Lucien Lafreniere joined the U.S Marine Corps right after graduating high school. He served in Afghanistan and Iraq from 2003 until 2007. Back in Connecticut, he enrolled at UConn the following Spring. But Lafreniere says the first year can be tough for veterans.
"You feel very much apart from the general population. Because most of the traditional students are of a different age, different experience and much different maturity level."
"It's really easy to not understand or not notice our veterans."
That's Paul Gaines, Jr., a former Manager of UConn's non traditional student population
"They're no longer in uniform, they have 5 o'clock shadow but the difference is they have an experience and a worldview that's entirely different than someone who's come to college right out of high school."

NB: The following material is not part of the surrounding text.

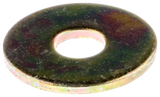 SCHEIBE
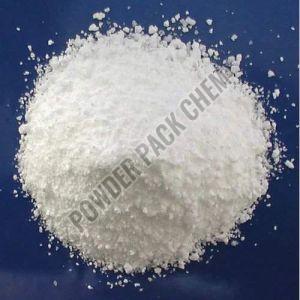 Calcium Sulphate Dihydrate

In 2007, multiple state agencies including the Department of Veteran Affairs launched OASIS or Operation Academic Support for Incoming Servicemembers. The idea was to provide a place for veterans who need support transitioning back to civilian life. Every community college and state university in Connecticut has an OASIS except UConn.

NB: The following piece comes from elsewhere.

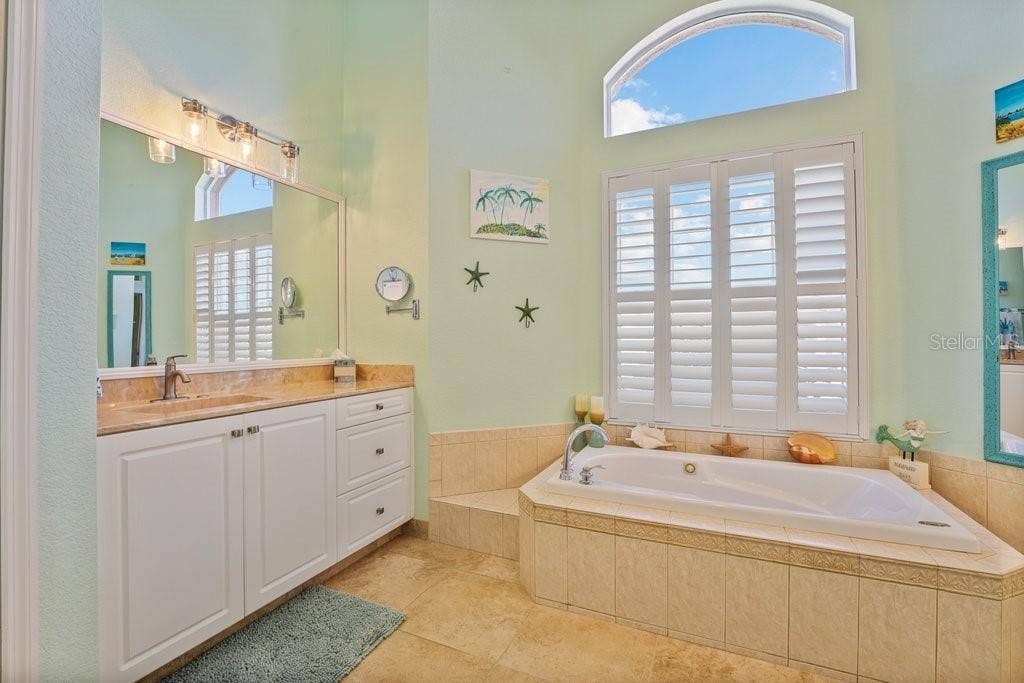 3712 WHIPPOORWILL BOULEVARD, Punta Gorda, FL 33950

Lafreniere says that kind of space is vital.
"The term camraderie is thrown around a lot as far as what veterans miss the most about military life and it provides an environment for that to happen."

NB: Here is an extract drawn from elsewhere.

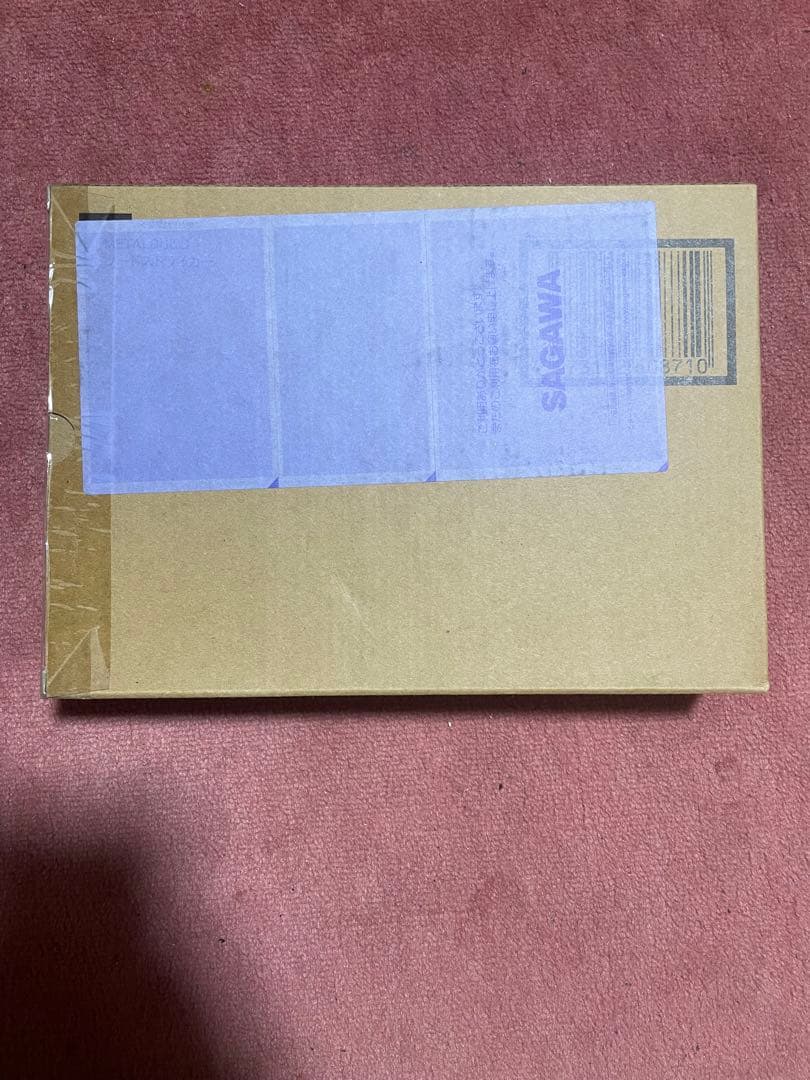 L BUILD ストライクガンダム -L BUILD まとめ売り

And according to Gaines, it’s what some veterans need after combat.
"Let's say a car backfires or someone pops a balloon outside and the student hits the deck. No one is going to look at them as if 'What's wrong with you or what's his problem?'"
UConn at Storrs used to have a so-called 'vet house' for students to meet and seek support. But a few weeks, ago, student veterans were told to move out because the first floor was needed for underclassman housing.
Now they're waiting for UConn to finish renovating a room in the Student Union to serve as an OASIS. UConn says it will be completed sometime this semester.